The recent “Tsunami Cina” and “Apa lagi Cina mau?” rhetoric has deeply saddened my heart. I have never in my life seen the Malay race as a race so segregated from my own daily life, and for the first time and on such an official basis, I am dejected by my own fellow citizens – no more and no less, by the highest ranking people governing the nation.
I live among many Malays who are peaceful and are, like my own family, trying to earn a livelihood and raise their children in the most honest way they know how. They are very religious people who consistently perform their daily solat at the surau just across my house, and for that, they have my utter admiration.
Pakcik carrying me
When I was young, some of the people who had most deeply impacted my life were Malay Muslims.
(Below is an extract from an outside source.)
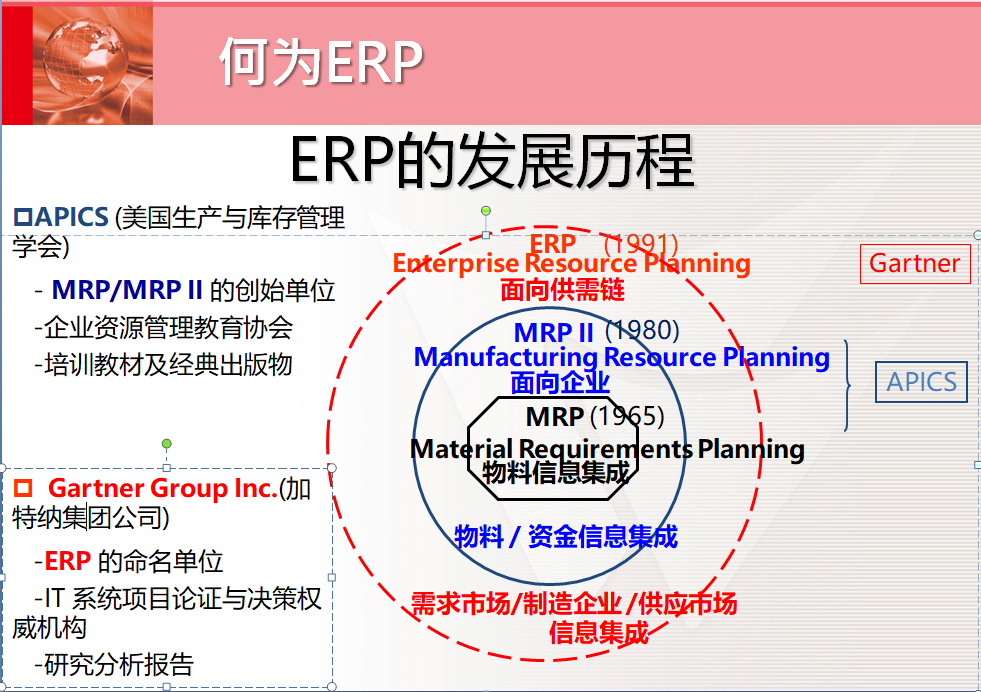 erp系統(tǒng),制造業(yè)erp系統(tǒng)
As a child of four or five years old, there was an elderly man (I knew him only as Pakcik) who used to send my mother to school and fetch her back in his trishaw. And because he adored me so much, from the time he dropped my mother off at school until her dismissal when he picked her up, he would fetch me all around town in his trishaw together with his other passengers. I can and will never forget the cuddles and hugs he gave me every day. He would often also take me home to his house because his elderly wife too adored me. They were very poor, but whenever I went to their dilapidated house, a cup of hot kopi O always came out from the kitchen with a few pieces of square-shaped biscuits. Makcik would dip these biscuits into the kopi O piece by piece and feed them to me. Pakcik obviously had very little money, but he often bought me little toys and tit-bits.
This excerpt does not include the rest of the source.